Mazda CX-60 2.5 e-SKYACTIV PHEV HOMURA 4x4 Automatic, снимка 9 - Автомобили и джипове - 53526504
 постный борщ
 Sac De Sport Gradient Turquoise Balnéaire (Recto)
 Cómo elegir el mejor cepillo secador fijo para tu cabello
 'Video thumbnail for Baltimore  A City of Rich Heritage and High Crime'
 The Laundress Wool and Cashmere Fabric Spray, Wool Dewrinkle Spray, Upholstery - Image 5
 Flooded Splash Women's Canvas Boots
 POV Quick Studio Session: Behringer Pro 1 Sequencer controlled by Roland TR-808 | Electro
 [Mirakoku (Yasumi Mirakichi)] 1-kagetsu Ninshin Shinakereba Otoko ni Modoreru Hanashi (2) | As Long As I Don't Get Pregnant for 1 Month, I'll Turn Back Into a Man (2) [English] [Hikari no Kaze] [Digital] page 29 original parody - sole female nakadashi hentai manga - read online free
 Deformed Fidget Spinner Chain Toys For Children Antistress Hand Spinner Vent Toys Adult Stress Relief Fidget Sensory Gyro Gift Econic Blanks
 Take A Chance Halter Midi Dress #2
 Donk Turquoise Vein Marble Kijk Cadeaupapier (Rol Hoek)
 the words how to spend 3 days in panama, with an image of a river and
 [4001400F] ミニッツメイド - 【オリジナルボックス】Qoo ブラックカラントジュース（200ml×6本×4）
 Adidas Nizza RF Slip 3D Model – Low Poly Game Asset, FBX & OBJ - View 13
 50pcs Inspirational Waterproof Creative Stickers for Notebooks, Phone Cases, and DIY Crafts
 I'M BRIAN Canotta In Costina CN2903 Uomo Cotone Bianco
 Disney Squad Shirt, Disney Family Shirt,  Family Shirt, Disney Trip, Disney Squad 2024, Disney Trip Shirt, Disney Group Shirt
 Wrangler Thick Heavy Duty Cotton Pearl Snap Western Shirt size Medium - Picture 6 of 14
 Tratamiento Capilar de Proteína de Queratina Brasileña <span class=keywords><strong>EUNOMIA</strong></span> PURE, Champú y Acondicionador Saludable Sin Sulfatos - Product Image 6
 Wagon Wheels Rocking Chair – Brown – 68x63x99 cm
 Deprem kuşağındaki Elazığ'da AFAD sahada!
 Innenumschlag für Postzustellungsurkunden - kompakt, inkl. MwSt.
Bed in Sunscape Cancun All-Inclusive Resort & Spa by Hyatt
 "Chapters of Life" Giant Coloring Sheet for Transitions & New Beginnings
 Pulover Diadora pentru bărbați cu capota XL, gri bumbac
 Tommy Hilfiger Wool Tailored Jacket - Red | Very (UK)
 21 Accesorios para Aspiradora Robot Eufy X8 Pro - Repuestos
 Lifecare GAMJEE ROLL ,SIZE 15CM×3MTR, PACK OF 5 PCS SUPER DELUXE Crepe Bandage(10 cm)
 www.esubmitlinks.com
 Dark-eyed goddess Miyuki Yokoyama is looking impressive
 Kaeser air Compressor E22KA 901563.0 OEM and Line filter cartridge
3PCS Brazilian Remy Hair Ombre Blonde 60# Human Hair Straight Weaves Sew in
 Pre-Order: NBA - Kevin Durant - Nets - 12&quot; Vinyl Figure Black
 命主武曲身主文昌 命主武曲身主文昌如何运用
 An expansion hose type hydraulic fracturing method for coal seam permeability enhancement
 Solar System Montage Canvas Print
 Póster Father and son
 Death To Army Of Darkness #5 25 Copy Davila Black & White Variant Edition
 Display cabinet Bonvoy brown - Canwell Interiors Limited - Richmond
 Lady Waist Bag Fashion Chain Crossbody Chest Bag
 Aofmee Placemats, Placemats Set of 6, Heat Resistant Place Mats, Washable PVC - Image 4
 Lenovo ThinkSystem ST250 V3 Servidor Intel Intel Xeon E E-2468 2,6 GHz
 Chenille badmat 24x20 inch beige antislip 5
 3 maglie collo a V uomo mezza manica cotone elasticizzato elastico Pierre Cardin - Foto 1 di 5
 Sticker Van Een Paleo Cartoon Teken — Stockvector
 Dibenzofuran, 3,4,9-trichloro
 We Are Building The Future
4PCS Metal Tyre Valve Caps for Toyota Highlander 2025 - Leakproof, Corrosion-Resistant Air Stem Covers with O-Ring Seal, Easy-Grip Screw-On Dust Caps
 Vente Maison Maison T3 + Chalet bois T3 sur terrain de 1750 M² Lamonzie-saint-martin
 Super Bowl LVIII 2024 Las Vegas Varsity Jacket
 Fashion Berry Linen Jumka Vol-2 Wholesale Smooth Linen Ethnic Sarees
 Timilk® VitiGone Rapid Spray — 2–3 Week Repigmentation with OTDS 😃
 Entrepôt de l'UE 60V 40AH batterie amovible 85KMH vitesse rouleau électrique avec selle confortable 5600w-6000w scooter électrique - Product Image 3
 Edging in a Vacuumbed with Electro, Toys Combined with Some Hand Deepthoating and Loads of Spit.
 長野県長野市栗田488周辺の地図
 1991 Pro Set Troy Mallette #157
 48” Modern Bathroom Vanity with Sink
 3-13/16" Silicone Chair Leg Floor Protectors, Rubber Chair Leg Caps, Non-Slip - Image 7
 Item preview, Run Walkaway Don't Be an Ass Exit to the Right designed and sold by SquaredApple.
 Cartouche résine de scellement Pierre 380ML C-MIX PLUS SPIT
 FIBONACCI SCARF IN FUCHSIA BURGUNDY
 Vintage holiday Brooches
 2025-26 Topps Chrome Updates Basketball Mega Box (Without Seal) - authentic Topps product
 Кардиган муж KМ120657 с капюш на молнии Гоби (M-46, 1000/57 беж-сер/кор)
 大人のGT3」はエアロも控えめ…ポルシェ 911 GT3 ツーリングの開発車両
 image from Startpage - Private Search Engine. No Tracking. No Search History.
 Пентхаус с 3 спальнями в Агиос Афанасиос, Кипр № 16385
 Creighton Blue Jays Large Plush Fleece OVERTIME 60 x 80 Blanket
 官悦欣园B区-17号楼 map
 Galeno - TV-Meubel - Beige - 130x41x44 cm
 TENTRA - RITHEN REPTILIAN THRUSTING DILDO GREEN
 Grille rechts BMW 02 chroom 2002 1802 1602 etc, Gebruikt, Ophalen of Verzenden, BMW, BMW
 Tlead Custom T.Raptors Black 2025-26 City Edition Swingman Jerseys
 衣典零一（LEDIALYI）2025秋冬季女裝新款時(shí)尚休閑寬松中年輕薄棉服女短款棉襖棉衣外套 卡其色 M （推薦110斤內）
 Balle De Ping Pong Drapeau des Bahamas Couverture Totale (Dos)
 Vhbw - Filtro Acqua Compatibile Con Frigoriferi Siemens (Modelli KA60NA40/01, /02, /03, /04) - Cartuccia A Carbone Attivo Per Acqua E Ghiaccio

____

Exercise goal: The result should be every line that contains "Seal", copied from the entries.

Result of the exercise:
4PCS Metal Tyre Valve Caps for Toyota Highlander 2025 - Leakproof, Corrosion-Resistant Air Stem Covers with O-Ring Seal, Easy-Grip Screw-On Dust Caps
 2025-26 Topps Chrome Updates Basketball Mega Box (Without Seal) - authentic Topps product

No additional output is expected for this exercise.